Allí, las sensaciones sobrepasan al discurso político para pegar de lleno en las subjetividades, buscando el espacio donde los datos pierden sentido en un clima de mutua comprensión. La misma función han cumplido el uso de las metáforas como que estamos cruzando un río a nado donde la orilla lejana aparece lejana, o las clásicas referencias meteorológicas. Esas situaciones, a pura simbología, corren el costado analítico de los votantes para llevarlos a un terreno sensorial, no se piensa en las calorías consumidas en medio del río.

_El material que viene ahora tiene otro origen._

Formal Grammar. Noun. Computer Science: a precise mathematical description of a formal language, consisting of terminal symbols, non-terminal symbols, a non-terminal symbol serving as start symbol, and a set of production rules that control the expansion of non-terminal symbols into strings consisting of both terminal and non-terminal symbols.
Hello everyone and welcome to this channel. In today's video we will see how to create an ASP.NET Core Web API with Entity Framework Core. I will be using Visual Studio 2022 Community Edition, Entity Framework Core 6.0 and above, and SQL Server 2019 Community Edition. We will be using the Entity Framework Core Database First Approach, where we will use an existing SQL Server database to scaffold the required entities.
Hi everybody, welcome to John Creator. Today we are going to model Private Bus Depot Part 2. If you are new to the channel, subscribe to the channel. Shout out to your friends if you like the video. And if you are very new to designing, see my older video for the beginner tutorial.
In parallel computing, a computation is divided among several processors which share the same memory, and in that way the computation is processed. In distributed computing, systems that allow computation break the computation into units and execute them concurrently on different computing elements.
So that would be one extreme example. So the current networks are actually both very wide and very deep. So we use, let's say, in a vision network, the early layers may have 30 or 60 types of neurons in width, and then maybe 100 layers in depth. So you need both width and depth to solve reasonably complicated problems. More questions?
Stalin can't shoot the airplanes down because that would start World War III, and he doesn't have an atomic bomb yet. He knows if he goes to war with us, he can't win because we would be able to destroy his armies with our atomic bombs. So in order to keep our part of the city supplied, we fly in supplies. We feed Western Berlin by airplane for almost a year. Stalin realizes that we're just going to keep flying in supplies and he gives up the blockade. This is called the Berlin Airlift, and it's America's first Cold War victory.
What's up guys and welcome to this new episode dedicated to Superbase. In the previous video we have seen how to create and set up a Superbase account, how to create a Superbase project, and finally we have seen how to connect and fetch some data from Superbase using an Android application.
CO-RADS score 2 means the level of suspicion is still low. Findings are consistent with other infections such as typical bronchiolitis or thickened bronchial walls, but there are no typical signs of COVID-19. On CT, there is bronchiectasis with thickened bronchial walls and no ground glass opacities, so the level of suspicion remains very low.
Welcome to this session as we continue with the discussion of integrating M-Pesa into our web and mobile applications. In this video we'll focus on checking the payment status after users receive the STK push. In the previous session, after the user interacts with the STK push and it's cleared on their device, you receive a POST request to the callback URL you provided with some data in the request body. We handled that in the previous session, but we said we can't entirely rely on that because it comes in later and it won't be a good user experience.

Bot-ar. Si tiempo atrás la emoción y los sentimientos eran patrimonio de la vida íntima, personal y si se quiere romántica, hoy se han vuelto parte de la escena pública. La televisión fue vanguardia en esto con sus reality shows al estilo Gran Hermano. Hoy el país completo se ha transformado en un enorme reality, donde la grieta ocupa un rol central, porque más que la discusión sobre proyectos políticos divergentes tiene que ver con movilizar las emociones, los odios y amores. En este plano es claro cómo los hate speeches (discursos del odio) han ido lentamente ocupando los espacios de interacción social, facilitados por el ecosistema de las redes sociales. Florecen los insultos y las acusaciones mutuas, se cancelan los intercambios de opiniones: el otro como enemigo. Como si fuera poco, en el medio del lío, aparecen los bots en las redes con mensajes desconcertantes. Por contrapartida también emerge un nuevo tipo de solidaridad basada en los afectos, más allá de la solidaridad mecánica, propia de la relación cara a cara de los pequeños pueblos, y de solidaridad orgánica propia de la gran urbe industrial. Quizás allí exista una nueva esperanza.